Defining Inerrancy: Affirming a Defensible Faith for a New Generation, by J. P. Holding and Nick Peters, published by Tekton E-Bricks on 22 May 2014, is intended to be a response to Norm Geisler and Bill Roach’s Defending Inerrancy—and so much more. Both have a similar cover and similar title. Defining Inerrancy, however, is a gloves-off defense and affirmation of a version of inerrancy that many are not acquainted with. That is, many except those who are Old and New Testament scholars.
Defining Inerrancy also interacts heavily with Norm Geisler and David Farnell’s The Jesus Quest, a book published just last March. The info on Amazon says that the eBook is the equivalent of 98 pages long, based on the number of “page turns” on a Kindle. A preliminary Word draft of Defining Inerrancy, sent to me by the authors, weighs in at just 74 pages. It’s a one-evening read, but it will be an evening very well spent.

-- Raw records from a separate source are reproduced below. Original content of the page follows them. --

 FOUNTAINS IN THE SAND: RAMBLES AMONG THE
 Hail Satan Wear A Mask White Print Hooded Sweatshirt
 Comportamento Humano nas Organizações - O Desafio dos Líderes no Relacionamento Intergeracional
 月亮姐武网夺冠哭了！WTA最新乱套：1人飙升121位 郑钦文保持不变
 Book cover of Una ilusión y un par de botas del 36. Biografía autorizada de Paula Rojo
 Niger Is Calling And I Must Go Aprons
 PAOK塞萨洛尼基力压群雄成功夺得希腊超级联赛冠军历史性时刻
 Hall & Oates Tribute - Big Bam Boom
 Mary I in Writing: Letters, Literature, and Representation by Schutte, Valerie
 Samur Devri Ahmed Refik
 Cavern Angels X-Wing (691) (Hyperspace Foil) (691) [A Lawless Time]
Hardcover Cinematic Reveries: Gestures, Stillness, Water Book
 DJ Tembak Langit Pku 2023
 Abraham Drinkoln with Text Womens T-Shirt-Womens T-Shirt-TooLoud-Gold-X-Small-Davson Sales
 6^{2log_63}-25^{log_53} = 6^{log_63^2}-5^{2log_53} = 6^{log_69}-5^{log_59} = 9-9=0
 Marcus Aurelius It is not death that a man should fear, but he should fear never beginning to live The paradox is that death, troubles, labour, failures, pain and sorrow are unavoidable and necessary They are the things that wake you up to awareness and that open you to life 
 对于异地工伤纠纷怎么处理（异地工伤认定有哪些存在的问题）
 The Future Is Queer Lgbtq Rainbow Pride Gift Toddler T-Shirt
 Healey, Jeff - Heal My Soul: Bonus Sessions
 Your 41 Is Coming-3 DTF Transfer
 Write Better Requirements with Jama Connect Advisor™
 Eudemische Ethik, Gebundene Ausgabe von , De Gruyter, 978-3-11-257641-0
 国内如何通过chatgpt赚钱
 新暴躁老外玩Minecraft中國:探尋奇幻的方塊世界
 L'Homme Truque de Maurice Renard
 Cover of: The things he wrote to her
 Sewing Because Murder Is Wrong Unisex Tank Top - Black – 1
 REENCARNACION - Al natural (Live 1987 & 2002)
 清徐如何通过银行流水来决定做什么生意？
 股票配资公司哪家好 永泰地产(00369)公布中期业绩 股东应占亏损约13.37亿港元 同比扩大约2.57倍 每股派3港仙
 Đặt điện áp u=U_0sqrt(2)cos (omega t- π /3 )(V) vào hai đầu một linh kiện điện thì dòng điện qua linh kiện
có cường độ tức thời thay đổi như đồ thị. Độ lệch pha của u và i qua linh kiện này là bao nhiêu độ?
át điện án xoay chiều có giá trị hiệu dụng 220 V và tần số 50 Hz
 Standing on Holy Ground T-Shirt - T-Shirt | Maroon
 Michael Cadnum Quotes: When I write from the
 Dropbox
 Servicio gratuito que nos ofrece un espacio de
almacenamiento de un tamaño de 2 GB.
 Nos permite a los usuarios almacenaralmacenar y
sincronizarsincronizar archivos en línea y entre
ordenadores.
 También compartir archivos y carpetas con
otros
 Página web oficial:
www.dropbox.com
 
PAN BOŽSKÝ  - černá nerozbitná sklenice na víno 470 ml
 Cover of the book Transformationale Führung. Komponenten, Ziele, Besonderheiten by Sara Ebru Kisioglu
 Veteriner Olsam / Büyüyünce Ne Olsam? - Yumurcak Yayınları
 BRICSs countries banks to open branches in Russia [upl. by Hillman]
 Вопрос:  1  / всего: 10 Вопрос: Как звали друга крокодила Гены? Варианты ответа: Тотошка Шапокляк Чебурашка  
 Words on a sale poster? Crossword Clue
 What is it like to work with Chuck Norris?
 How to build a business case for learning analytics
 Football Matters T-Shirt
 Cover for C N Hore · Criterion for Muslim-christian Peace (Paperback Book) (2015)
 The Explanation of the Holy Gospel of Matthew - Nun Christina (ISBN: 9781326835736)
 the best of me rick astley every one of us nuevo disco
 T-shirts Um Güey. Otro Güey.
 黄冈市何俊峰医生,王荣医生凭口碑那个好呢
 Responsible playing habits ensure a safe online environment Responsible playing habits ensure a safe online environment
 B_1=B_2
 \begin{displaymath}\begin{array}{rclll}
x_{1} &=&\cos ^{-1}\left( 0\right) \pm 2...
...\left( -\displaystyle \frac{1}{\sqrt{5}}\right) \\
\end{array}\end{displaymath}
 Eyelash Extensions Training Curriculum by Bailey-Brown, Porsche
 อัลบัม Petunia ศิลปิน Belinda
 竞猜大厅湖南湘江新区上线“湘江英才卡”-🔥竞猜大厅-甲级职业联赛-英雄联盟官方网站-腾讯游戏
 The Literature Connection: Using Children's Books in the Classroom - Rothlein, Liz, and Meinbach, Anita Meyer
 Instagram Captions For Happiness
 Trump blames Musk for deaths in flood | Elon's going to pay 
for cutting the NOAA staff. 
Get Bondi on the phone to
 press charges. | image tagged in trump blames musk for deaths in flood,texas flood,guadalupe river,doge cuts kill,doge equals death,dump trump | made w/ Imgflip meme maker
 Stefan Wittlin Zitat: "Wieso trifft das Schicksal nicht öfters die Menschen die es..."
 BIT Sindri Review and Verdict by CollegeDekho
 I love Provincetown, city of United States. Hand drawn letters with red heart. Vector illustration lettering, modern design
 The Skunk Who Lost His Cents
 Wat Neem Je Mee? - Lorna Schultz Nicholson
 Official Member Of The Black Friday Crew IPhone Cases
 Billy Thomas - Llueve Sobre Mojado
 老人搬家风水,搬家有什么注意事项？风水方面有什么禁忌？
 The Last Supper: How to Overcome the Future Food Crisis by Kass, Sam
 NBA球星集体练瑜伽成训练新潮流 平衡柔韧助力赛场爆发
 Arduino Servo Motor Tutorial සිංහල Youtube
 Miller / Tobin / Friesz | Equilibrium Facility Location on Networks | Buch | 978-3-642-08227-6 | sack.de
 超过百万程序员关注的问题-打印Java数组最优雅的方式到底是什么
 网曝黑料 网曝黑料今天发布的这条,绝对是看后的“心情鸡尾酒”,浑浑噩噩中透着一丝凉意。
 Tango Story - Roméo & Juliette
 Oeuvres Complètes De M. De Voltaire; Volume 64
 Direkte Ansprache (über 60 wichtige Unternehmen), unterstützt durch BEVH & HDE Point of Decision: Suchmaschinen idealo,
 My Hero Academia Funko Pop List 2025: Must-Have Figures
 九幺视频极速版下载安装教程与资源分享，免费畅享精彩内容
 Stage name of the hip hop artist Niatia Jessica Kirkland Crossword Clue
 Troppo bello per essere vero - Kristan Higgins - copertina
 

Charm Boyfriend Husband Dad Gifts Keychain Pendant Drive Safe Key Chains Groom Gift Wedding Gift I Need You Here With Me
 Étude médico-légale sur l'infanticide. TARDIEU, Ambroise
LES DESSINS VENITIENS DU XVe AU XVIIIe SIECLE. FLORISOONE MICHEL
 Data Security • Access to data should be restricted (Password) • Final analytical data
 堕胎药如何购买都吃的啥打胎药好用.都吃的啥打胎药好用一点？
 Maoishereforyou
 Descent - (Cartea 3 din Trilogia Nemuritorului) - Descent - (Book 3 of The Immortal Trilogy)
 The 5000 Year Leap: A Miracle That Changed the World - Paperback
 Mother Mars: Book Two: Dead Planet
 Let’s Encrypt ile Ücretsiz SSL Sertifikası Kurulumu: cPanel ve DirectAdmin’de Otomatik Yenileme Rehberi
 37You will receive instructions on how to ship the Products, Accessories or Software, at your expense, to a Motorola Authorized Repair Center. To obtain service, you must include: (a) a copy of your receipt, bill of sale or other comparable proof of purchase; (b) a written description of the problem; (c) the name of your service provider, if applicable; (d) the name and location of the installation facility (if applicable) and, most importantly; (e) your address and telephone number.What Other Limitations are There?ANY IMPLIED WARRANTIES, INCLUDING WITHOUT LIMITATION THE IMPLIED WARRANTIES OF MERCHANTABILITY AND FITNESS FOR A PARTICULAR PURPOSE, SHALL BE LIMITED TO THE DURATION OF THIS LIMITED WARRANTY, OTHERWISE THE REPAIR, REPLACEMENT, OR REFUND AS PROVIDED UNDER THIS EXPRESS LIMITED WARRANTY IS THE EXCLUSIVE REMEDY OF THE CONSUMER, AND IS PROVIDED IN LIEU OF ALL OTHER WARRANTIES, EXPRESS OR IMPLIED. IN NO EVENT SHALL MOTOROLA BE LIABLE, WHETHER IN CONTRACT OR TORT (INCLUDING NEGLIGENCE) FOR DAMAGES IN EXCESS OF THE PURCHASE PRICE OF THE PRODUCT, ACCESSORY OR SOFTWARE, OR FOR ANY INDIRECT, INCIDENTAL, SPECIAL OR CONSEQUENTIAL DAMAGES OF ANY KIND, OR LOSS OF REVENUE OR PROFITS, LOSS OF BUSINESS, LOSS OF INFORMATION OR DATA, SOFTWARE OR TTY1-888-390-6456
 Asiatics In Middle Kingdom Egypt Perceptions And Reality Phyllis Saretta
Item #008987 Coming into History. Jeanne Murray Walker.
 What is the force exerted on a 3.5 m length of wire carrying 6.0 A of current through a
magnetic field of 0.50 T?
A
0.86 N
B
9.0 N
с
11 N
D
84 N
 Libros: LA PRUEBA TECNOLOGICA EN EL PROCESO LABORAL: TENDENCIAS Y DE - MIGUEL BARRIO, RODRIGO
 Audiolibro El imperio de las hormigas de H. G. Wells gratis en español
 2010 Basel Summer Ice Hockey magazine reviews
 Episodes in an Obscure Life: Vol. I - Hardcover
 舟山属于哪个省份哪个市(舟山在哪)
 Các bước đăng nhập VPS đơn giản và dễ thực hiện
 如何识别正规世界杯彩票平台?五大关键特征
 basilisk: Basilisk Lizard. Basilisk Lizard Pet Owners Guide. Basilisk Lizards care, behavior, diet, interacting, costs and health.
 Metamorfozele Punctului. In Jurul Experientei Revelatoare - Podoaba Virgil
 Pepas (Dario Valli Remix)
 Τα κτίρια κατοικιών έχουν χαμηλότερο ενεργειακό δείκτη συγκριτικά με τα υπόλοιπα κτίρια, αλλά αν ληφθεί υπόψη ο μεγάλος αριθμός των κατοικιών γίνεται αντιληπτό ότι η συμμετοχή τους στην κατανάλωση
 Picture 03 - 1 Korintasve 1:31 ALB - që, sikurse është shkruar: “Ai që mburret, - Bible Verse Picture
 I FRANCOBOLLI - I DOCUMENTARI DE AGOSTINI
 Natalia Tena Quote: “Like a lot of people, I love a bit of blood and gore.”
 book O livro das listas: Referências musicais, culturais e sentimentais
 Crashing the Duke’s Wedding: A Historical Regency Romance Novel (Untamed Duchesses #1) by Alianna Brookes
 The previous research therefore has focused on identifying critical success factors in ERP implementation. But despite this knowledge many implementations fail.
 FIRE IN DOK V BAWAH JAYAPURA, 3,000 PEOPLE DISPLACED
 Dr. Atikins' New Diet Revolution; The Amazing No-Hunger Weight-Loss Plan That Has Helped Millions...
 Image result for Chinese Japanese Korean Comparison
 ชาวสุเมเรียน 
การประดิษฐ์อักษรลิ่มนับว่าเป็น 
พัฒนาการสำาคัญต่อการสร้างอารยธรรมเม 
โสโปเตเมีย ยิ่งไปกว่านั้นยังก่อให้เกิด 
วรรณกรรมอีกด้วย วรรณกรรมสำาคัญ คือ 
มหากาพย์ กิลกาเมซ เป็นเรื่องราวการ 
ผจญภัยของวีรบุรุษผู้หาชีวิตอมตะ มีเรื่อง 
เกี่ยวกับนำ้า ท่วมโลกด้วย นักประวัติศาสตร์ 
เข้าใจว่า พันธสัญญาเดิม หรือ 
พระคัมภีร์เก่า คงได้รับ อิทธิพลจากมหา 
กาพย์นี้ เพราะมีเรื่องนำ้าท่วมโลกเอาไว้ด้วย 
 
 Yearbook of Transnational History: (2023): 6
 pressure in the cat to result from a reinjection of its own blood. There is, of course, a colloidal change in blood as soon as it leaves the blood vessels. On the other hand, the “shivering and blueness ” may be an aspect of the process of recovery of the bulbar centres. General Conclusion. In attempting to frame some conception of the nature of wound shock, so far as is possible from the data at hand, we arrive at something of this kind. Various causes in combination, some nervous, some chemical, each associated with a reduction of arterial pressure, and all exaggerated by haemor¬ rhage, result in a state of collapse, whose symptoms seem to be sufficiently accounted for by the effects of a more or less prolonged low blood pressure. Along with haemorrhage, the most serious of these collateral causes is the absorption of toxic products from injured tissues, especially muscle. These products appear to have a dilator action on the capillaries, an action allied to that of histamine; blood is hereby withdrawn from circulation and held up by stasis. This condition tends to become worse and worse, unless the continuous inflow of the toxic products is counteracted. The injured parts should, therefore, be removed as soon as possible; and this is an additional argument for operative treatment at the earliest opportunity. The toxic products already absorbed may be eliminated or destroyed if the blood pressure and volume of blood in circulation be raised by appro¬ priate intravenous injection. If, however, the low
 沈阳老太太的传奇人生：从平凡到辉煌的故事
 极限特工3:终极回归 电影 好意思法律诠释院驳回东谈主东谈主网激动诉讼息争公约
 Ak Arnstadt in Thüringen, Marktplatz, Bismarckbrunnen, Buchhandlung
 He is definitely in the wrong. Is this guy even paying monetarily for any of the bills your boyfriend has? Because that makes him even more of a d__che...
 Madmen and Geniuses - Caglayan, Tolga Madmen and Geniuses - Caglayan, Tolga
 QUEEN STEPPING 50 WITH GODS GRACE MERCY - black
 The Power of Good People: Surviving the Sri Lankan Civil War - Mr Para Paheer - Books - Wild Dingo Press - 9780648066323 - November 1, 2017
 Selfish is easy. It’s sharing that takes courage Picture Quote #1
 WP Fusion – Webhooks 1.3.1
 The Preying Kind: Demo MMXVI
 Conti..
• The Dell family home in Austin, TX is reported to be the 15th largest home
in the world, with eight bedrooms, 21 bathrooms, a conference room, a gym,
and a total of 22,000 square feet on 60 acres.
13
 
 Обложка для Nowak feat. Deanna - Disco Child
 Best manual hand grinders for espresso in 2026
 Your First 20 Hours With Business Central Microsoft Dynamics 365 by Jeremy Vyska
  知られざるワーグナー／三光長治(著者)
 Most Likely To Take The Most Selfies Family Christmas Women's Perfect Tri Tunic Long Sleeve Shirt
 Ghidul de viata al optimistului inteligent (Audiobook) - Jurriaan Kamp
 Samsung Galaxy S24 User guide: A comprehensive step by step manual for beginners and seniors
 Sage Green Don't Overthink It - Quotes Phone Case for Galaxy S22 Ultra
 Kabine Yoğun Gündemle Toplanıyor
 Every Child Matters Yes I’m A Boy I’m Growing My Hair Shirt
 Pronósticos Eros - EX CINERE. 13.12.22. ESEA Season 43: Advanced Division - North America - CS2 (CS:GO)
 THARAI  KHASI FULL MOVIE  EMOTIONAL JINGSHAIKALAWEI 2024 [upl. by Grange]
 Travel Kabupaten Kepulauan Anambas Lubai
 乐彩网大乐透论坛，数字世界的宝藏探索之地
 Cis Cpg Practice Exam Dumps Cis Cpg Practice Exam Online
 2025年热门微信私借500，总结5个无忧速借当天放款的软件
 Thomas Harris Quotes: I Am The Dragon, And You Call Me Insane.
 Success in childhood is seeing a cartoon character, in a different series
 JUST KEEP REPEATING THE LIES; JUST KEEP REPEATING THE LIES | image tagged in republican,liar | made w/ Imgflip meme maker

Even though only an eBook so far, this little volume addresses some of the most pressing issues within American evangelical circles that have been brewing for more than four decades. And it comes with a Foreword by world-renown Gospels scholar, Craig Blomberg, giving the book instant credibility.
The booklet has fifteen short chapters and no footnotes or endnotes (but some, though not entirely adequate, in-text notes).
Blomberg’s Foreword, in the opening paragraph, lets the readers know that Norm Geisler has recently been attacking his evangelical orthodoxy. As one reads through this book, they will discover that it is in many ways a response to Geisler’s campaign to rid the church of what he perceives to be bibliological heretics. Inter alia, Blomberg gives a laundry list of evangelical scholars who have been the victims of Geisler’s acidic pen: Robert Gundry, Murray Harris, Clark Pinnock, John Sanders, Darrell Bock, Michael Licona, Craig Blomberg—and even the entire Evangelical Theological Society (a group which, according to Blomberg, Geisler referred to as ‘liberal’ and the “Former Evangelical Theological Society”)! And Blomberg does not mince words. Penultimately, Blomberg commends this book as follows: “…if Geisler has already misled you on any of these topics, read these chapters carefully so that the record may be set straight.”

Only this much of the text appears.